The following article was written by Ron Bartels, JD, Ph.D. Bartels is the National Membership Director and 4th Vice Chair of the Independent American Party. It was published on the Independent American Party website on July 13th, 2016:
Three SCOTUS cases that made Atheism the Official Religion of the United States violation of the Establishment Clause
By Ron Bartels, JD, Ph.D
Federal Courts do not constitutionally have subject matter jurisdiction for disputes arising under the subject matter jurisdiction of the 9th and 10th amendments. The constitution prescribes for a limited government and the U.S. Supreme Court is bound by the constitution to be subject to the constitution.
Further, each justice takes an oath to uphold and defend the constitution, a written contract. Law schools all teach contract law. Yet, they also teach our justices to ignore contract law when it comes to the constitution. They falsely claim that the constitutional contract is a living-breathing instrument, not a static contract. It needs to “change with the times.”
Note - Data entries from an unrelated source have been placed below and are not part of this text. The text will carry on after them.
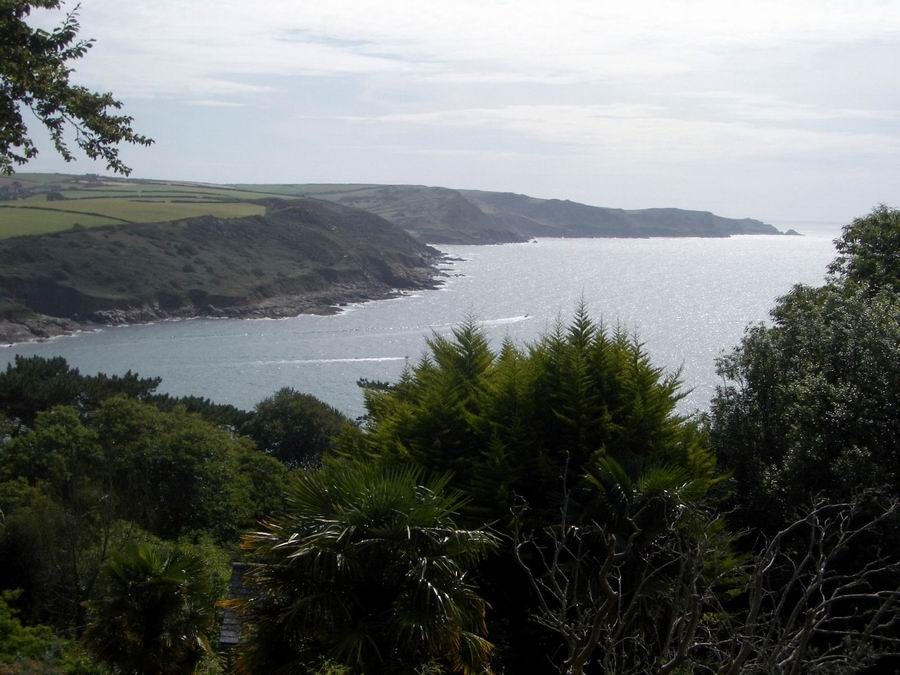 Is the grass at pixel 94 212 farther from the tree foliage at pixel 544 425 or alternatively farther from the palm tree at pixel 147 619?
the palm tree at pixel 147 619

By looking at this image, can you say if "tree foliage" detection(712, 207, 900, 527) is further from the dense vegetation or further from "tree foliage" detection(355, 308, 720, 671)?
"tree foliage" detection(355, 308, 720, 671)

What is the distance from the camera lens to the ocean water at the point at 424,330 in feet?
209

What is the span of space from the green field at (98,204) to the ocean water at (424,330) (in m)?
23.1

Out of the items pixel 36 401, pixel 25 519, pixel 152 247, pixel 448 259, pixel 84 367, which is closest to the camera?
pixel 25 519

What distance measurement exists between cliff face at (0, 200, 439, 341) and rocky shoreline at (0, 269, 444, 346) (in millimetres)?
128

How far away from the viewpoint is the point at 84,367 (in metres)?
65.3

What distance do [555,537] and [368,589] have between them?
7.69ft

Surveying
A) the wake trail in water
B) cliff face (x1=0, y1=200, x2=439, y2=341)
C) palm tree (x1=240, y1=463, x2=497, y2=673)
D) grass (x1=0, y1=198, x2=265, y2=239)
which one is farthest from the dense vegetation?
grass (x1=0, y1=198, x2=265, y2=239)

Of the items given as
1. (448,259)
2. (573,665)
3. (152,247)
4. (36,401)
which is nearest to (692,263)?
(448,259)

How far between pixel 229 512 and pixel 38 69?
51.6ft

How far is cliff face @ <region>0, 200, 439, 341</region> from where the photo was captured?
85.0 metres

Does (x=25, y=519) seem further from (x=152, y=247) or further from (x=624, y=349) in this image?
(x=152, y=247)

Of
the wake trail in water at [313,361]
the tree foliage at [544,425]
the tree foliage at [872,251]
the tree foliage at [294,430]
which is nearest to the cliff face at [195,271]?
the wake trail in water at [313,361]

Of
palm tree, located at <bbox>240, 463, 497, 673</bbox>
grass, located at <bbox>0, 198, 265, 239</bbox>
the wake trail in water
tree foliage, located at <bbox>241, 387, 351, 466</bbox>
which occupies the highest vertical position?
grass, located at <bbox>0, 198, 265, 239</bbox> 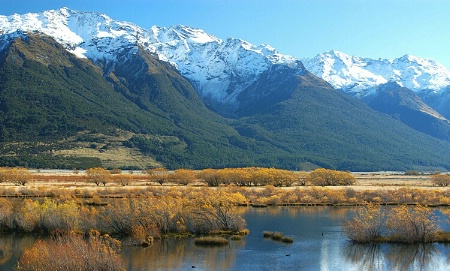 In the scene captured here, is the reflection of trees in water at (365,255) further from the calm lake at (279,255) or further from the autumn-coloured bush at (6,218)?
the autumn-coloured bush at (6,218)

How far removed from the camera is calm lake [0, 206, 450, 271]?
1662 inches

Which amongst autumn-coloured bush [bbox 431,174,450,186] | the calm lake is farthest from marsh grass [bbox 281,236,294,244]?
autumn-coloured bush [bbox 431,174,450,186]

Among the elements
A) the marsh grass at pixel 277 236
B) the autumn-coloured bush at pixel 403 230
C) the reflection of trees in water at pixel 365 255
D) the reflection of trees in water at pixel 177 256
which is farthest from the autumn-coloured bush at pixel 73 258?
the autumn-coloured bush at pixel 403 230

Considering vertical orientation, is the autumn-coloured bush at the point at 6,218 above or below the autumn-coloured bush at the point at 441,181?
below

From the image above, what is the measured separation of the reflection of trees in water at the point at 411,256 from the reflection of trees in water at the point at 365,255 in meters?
0.85

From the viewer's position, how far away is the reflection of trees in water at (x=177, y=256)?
4178cm

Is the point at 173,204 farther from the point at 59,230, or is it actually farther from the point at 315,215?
the point at 315,215

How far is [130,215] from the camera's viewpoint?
52.7 metres

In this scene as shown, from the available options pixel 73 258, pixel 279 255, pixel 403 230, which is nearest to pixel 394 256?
pixel 403 230

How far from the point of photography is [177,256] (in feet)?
148

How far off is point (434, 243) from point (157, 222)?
24475 mm

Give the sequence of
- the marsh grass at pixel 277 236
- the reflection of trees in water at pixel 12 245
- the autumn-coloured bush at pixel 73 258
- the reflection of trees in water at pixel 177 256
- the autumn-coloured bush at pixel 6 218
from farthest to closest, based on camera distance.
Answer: the autumn-coloured bush at pixel 6 218
the marsh grass at pixel 277 236
the reflection of trees in water at pixel 12 245
the reflection of trees in water at pixel 177 256
the autumn-coloured bush at pixel 73 258

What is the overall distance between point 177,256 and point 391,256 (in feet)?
54.0

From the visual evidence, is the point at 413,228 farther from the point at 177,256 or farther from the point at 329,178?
the point at 329,178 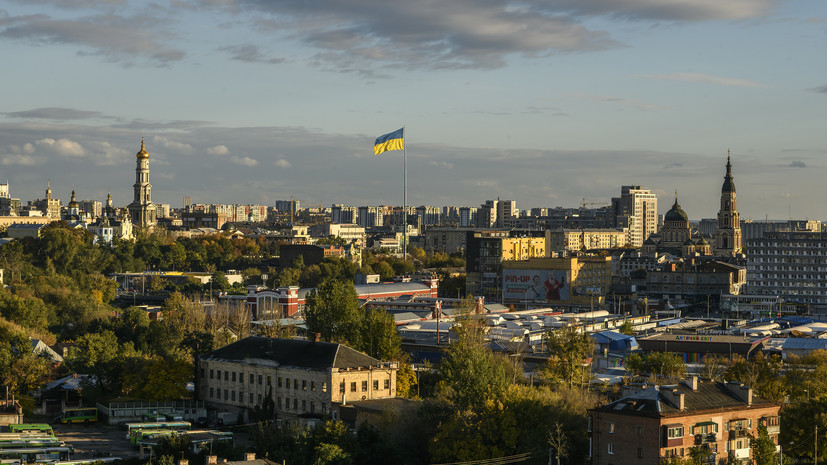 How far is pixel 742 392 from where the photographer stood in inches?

However, the constitutional contract provides for two specific means of changing the constitution in Article V. History reveals that has happened many times so the course of action actually works. The contract (constitution) performs, therefore, it cannot be nullified. Only contracts that are written with language that inhibits performance of the meeting of the minds of the originators is subject to nullification by the Supreme Court.
However, justices who willfully wanted to violate the constitution have done so in case after case. Then they have used decisions that violated the constitution as guidance for present and future perversions of the constitution.